The element may be sealed in the housing by a transfer moulding technique in which resin is introduced, at high temperature and pressure, simultaneously into each end of the housing to form end caps. The opposing pressures will permit further powder infill compaction.

A temperature setting ceramic material may alternatively be used for the end caps.

The base may be in the form of an extruded aluminium section provided with housing location ribs.

A layer of air drying ceramic cement may be applied to the base of the housing which will immediately be slid into position on the aluminium base. Pressure is then applied to the location ribs which will effect a crimp joint between housing and base. This method will lock the housing in contact with the base with the ceramic cement accommodating any flatness deviation on either the base or the housing.
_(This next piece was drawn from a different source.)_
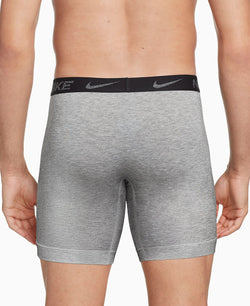 Nike Dri-fit Reluxe Boxer Briefs 2-pack Grey Heather thumbnail 4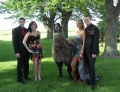 Posing with a Llama before prom is always a good idea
This will ensure the intimate contact required for optimum thermal conduction.

This invention is further described and illustrated with reference to a constructional embodiments shown as examples in the drawings.

In the drawings: Figure 1 shows a side view of a power resistor, Figure 2 shows a plan view, Figure 3 shows an end view.
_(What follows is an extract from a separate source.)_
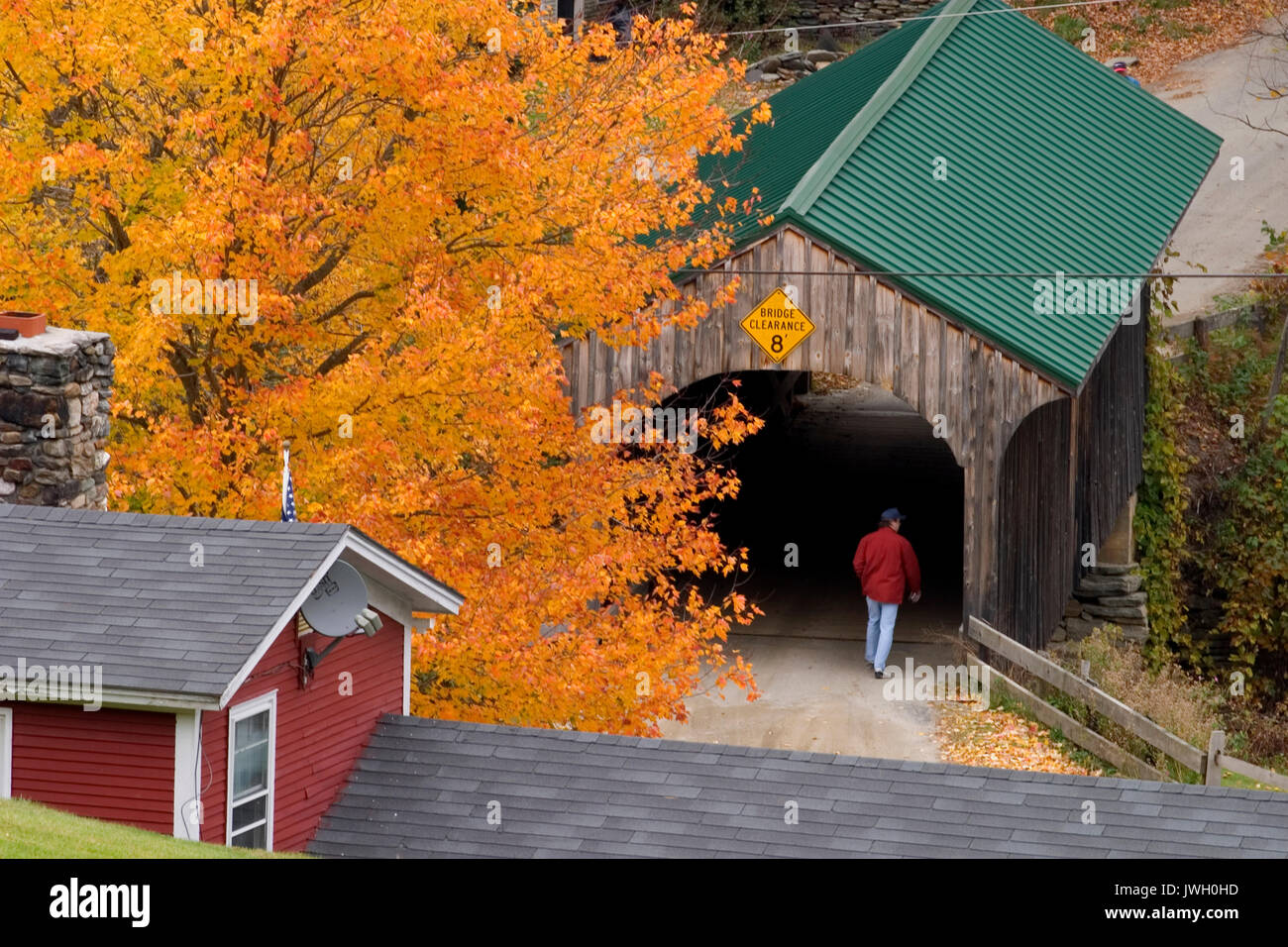 L'automne, Waterville, VT, Vermont Banque D'Images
Figure 4 shows an end view of a modification, Figure 5 shows an end view of a second modification, Figure 6 shows an end view of a third modification, and Figure 7 shows a section on A-A of Figure 6.

Referring to Figures 1 to 3 of the drawings, a power resistor assembly comprises a housing 1 formed from a high alumina ceramic material and of elongated form with a cylindrical hollow interior 6. The base 2 of the housing is flat and at each side triangular profiled channels 3 are formed. The base 2 is arranged to be in good thermal contact with an aluminium base mount 4 which has upstanding elongated lugs 5 which define a channel into which the base 2 of the housing 1 may slide. After such sliding engagement deforming force is applied to the lugs 5 to press them against the channels 3 of the housing and thus to force the base 2 of the housing into good mechanical and thermal contact with the aluminium base 4. A ceramic cement C may be used at this joint.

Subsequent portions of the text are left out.